** Records for the exercise **
—————

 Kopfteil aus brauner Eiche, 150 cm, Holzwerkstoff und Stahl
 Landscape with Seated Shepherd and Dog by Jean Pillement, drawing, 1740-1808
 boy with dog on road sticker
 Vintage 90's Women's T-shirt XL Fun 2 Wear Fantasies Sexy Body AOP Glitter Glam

—————

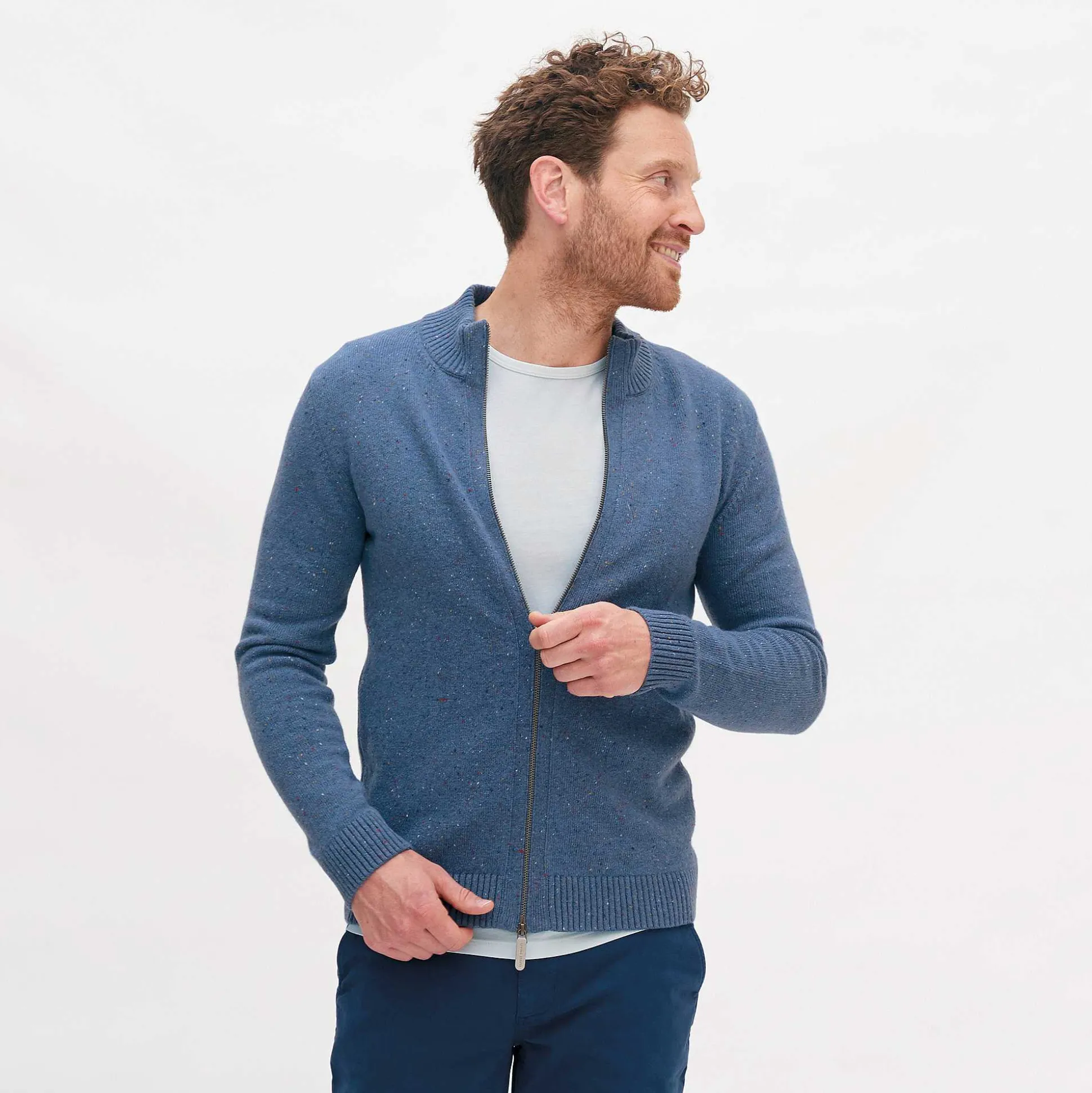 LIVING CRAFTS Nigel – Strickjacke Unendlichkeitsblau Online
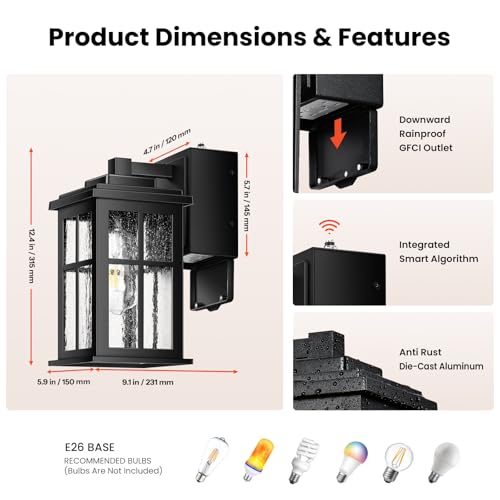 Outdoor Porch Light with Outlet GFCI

—————

** Exercise description **
Using the data above, retype exactly and only the lines from the one containing "LIVING CRAFTS Nigel" up to and including the one containing "Outdoor Porch Light with Outlet GFCI", with no pictures carried over.

** Result for this exercise **
 LIVING CRAFTS Nigel – Strickjacke Unendlichkeitsblau Online
 Outdoor Porch Light with Outlet GFCI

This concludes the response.